(WHAT THIS TASK INVOLVES)
Print the records below exactly. Omit every picture.

---+---

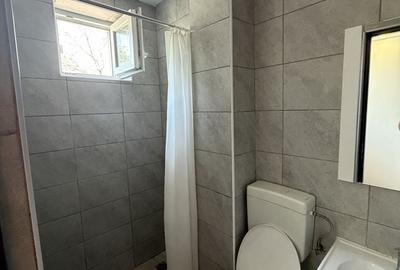 Garsonieră decomandată în Titan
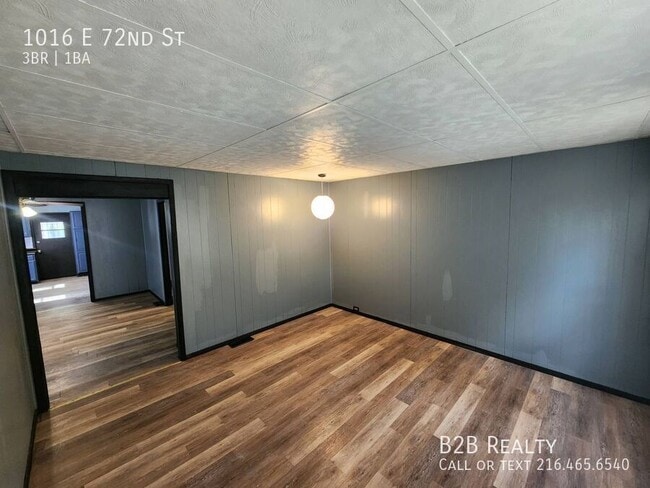 Building Photo - 1016 E 72nd St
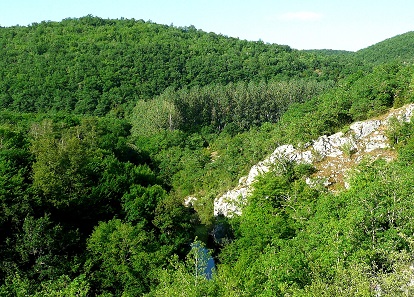 L'Ouysse coule au fond des gorges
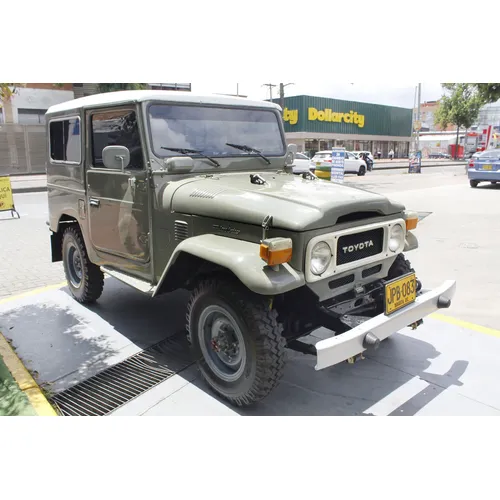 Toyota Land Cruiser FJ-40 1980 Verde Bogotá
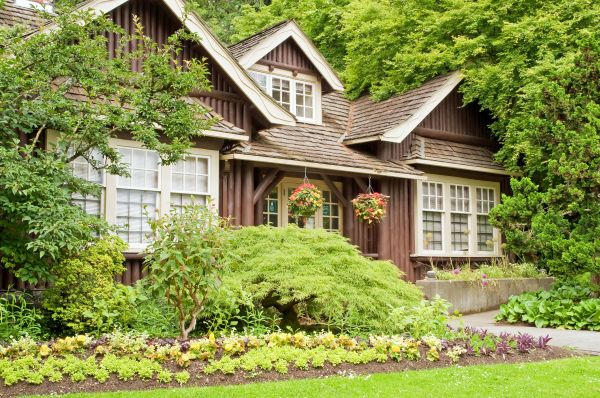 Log Home Landscaping in Sun Prairie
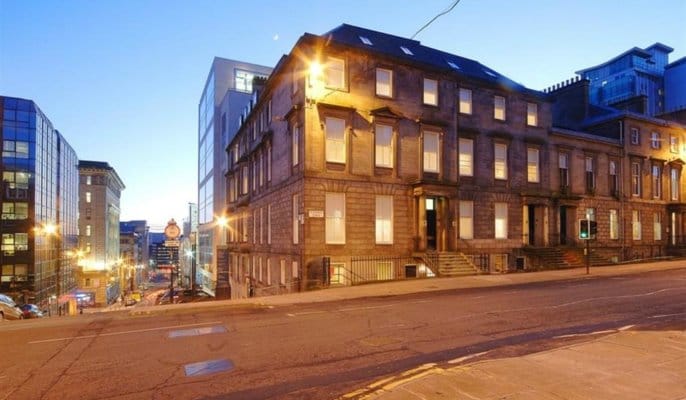 Saint Vincent Street Apartments - image 1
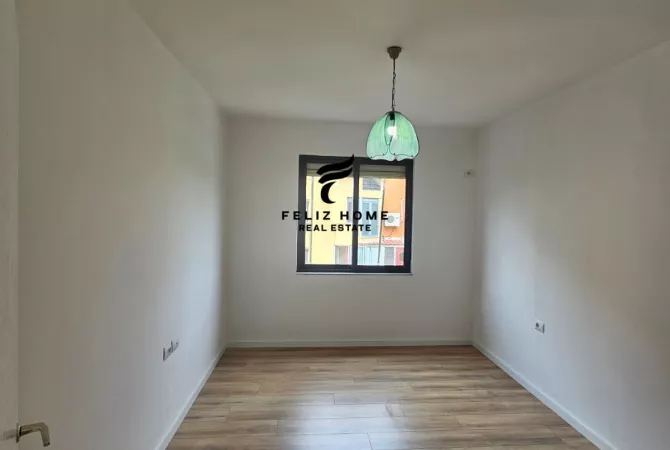 Shtepi ne shitje Apartament ne Tirane, 2+1, Mobilimi Bosh, pa mobiluar, Pagesa 165,000  Euro.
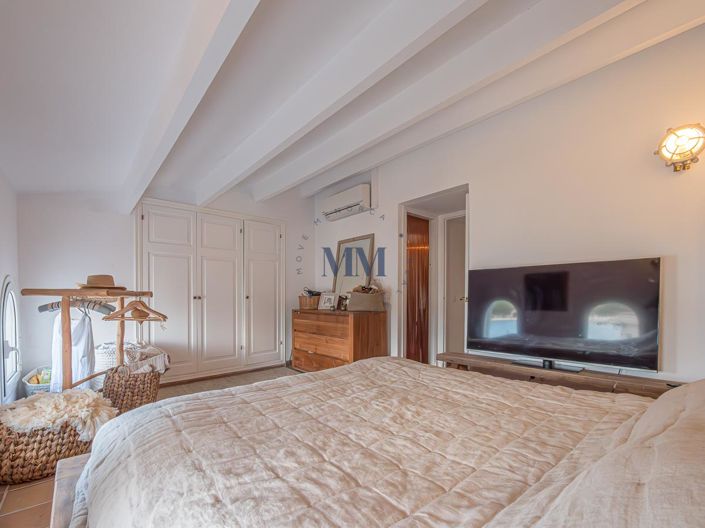 Image No.15-2 Bed House for sale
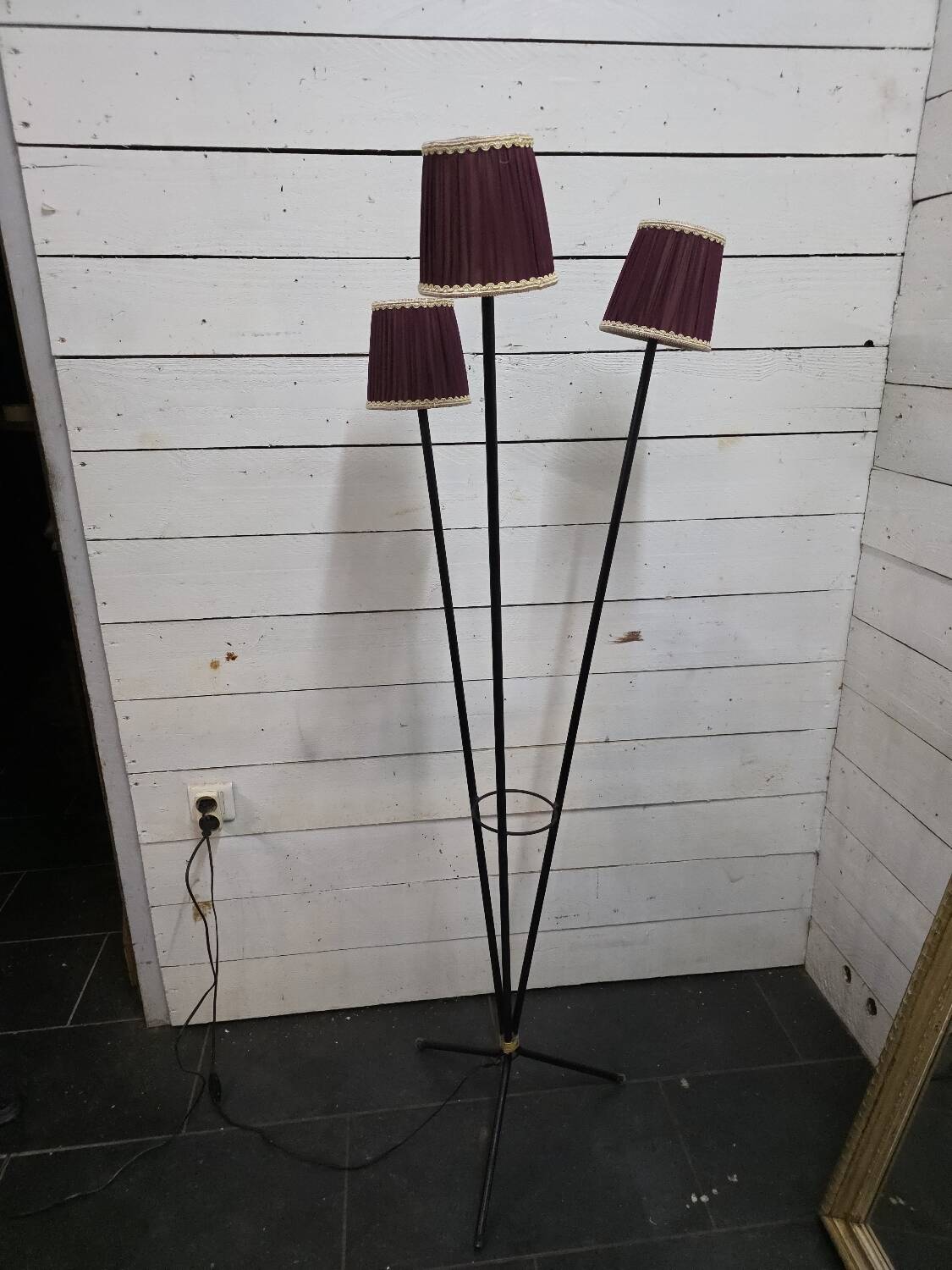 1960s tripod floor lamp, 3 lights
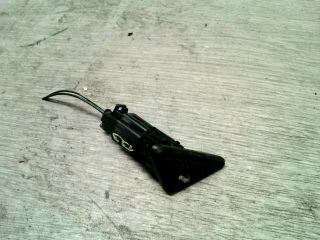 bontott FORD FOCUS I Csomagtér Nyitó Kar / Gomb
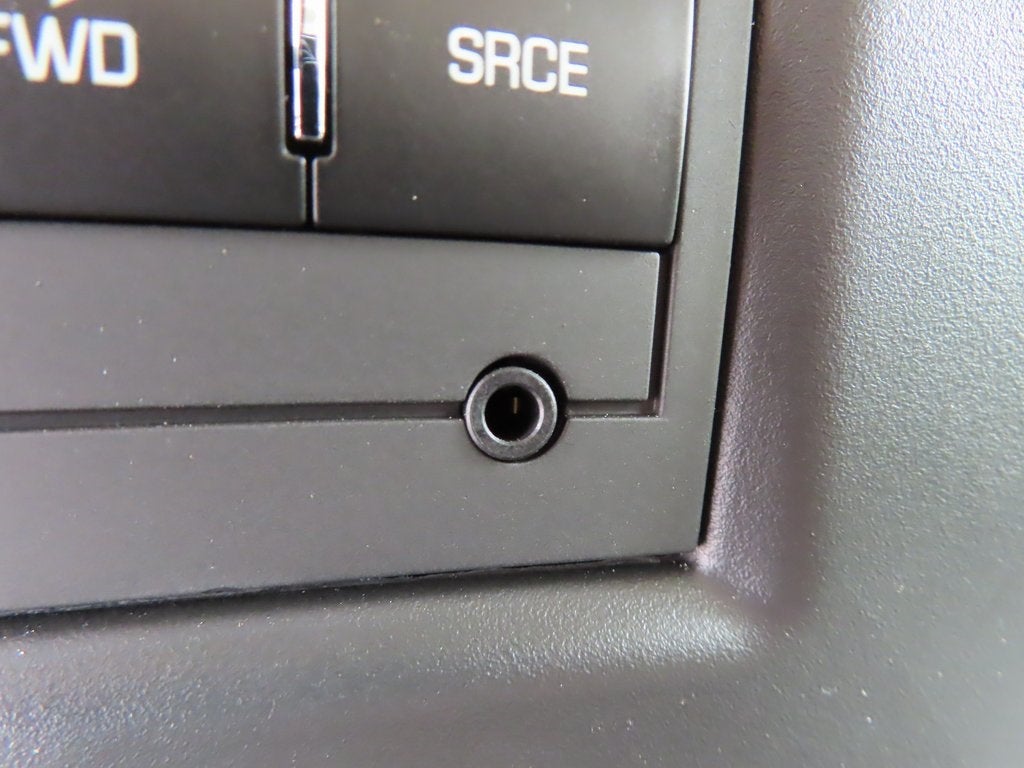 2025 Chevrolet Express 3500 READING - 57" SRW, ALUMINUM ROOF CLASSIC SERVICE V Cutaway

---+---

(COMPLETED TASK)
 Garsonieră decomandată în Titan
 Building Photo - 1016 E 72nd St
 L'Ouysse coule au fond des gorges
 Toyota Land Cruiser FJ-40 1980 Verde Bogotá
 Log Home Landscaping in Sun Prairie
 Saint Vincent Street Apartments - image 1
 Shtepi ne shitje Apartament ne Tirane, 2+1, Mobilimi Bosh, pa mobiluar, Pagesa 165,000  Euro.
 Image No.15-2 Bed House for sale
 1960s tripod floor lamp, 3 lights
 bontott FORD FOCUS I Csomagtér Nyitó Kar / Gomb
 2025 Chevrolet Express 3500 READING - 57" SRW, ALUMINUM ROOF CLASSIC SERVICE V Cutaway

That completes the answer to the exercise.